LOCATION:Center Moriches School District
DOCKET NO.: 91-998
DECIDED BY: Rehnquist Court (1991-1993)
LOWER COURT: United States Court of Appeals for the Fourth Circuit
CITATION: 506 US 168 (1993)
ARGUED: Oct 05, 1992
DECIDED: Jan 12, 1993
David M. Sokolow – on behalf of the Respondent
Kent L. Jones – on behalf of the Petitioner
Media for Commissioner of Internal Revenue v. Soliman
Audio Transcription for Opinion Announcement – January 12, 1993 in Commissioner of Internal Revenue v.

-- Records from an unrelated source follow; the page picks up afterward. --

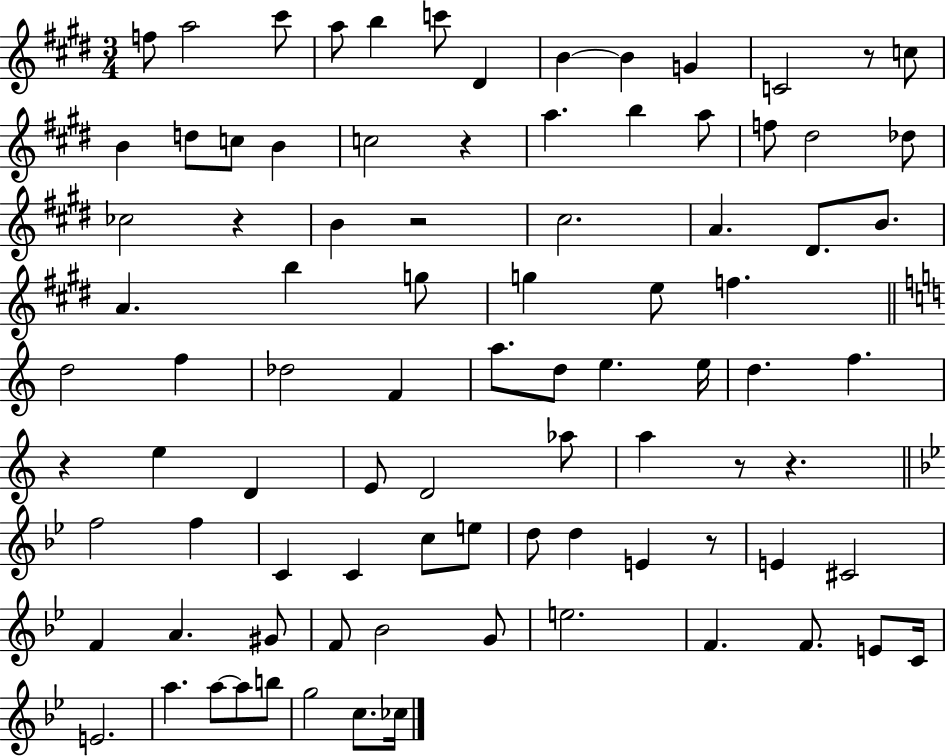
X:1
T:Untitled
M:3/4
L:1/4
K:E
f/2 a2 ^c'/2 a/2 b c'/2 ^D B B G C2 z/2 c/2 B d/2 c/2 B c2 z a b a/2 f/2 ^d2 _d/2 _c2 z B z2 ^c2 A ^D/2 B/2 A b g/2 g e/2 f d2 f _d2 F a/2 d/2 e e/4 d f z e D E/2 D2 _a/2 a z/2 z f2 f C C c/2 e/2 d/2 d E z/2 E ^C2 F A ^G/2 F/2 _B2 G/2 e2 F F/2 E/2 C/4 E2 a a/2 a/2 b/2 g2 c/2 _c/4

Soliman
William H. Rehnquist:
The opinion of the Court No 91-998, Commission of internal revenue versus Soliman will be on announce by Justice Kennedy.
Anthony M. Kennedy:
This case requires us to consider the circumstances in which a taxpayer may claim a deduction on his federal income tax return for the expense of an office, that is located within the taxpayer’s personal residence.
The case involves a medical doctor, who sought a deduction for a home office and the respondent, a doctor Solimon is an anesthesiologist.

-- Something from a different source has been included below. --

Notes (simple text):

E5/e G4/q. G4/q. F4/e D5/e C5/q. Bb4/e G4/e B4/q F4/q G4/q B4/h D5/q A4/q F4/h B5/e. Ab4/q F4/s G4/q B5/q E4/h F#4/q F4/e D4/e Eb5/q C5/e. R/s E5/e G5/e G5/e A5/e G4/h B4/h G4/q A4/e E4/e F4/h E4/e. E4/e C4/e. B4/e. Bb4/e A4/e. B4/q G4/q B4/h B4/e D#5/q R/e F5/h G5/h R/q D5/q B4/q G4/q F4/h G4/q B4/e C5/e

During the tax year in question, which was 1983, he practice his profession in Maryland and Virginia, he spent 30 to 35 hours a week with patient at hospital and divided that time among three different hospitals.
At the hospitals the doctor administered the anesthesia, he cared for the patients after the surgery, and he treated the patients with pain.
Soliman lived in the condominium in the McLean, Virginia, the condominium contain the spare bedroom, which he used exclusively as an office.
He did not meet patients there.
He did spend two to three hours a day in the home office on a variety of tasks; such as contacting patients, surgeons, and hospitals by telephone, maintaining billing records and patients logs and preparing for treatments and presentations and satisfying continuing medical education requirements and reading medical journals and books.
On his 1983 income tax returns, Soliman claimed deductions that the portion of the condominium fees, utilities, and deppreciation attributable to the home office.
On audio, the Commissioner disallowed the deductions based upon his determination that his home office was not Soliman’s principal place of business within the meaning of the Internal Revenue Code, and its the phrase “principal place of business” that must be construed to determinee this case.
Soliman petitioned the Tax Court for review, which ruled that the home office was Soliman’s principal place of business.
On appeal, the Court of Appeals for the Fourth Circuit affirmed in a decision for a devided panel.
It adopted the test used by the Tax Court, and that test suggested that the presence of three factors must be given heavy weight in favor of finding that the home office is the principal place of business.
One that the home office is essential to the taxpayer’s business; two that he spends a substantial amount of time there; and three that there is no other location available for the performance of the office functions of the business.
We granted certiorari and in an opinion filed with the Clerk, we reverse.
Contrary at the Court of Appeals suggestion the statute does not allow for deduction, whenever a home office maybe characterizes as legitimate in deciding whether a location is the principal place of business, a common sense mean of principle suggests that comparison of locations must be undertaken.
In determining the proper test for deciding whether a home office is the principal place of business, we cannot develop an objective formula that yields a clear answer in every case.
There are however two primary considerations in deciding whether a home office is a taxpayer’s principal place of business: The relative importance of the activities performed at each business location and the time spent at each place.
As, part of this analysis the point where goods and services are delivered must be given great weight in determining the place where the most important functions are performed.
The practice of anesthesiology requires the medical doctor to treat patients under conditions demanding immediate personal observation, so exacting with these requirements that all of the respondent’s patients were treated at hospitals, facilities with special characteristics designed to accommodate the demands of the profession.
Actual treatment was the essence of the professional service.
We consume that careful planning and study were required in advance of performing the treatment and all acknowledged that this was done on the home office, but the actual treatment was the most significant event in the professional transaction.
The comparison of the time spent by the taxpayer further supports the determination that the home office was not the principal place of business.
10-15 hours per weeks spent in the home office measured against the 30-35 hours per week at the three hospitals are insufficient to render the home office the principal place of business in light of the circumstances of this case.
That the office may have been essential is not controlling.
Hence, the taxpayer was not entitled the deduction for home expenses.
Justice Blackmun has filed a concurring opinion; Justice Thomas has filed an opinion concurring in the judgment in which Justice Scalia joins; Justice Stevens has filed a dissenting opinion.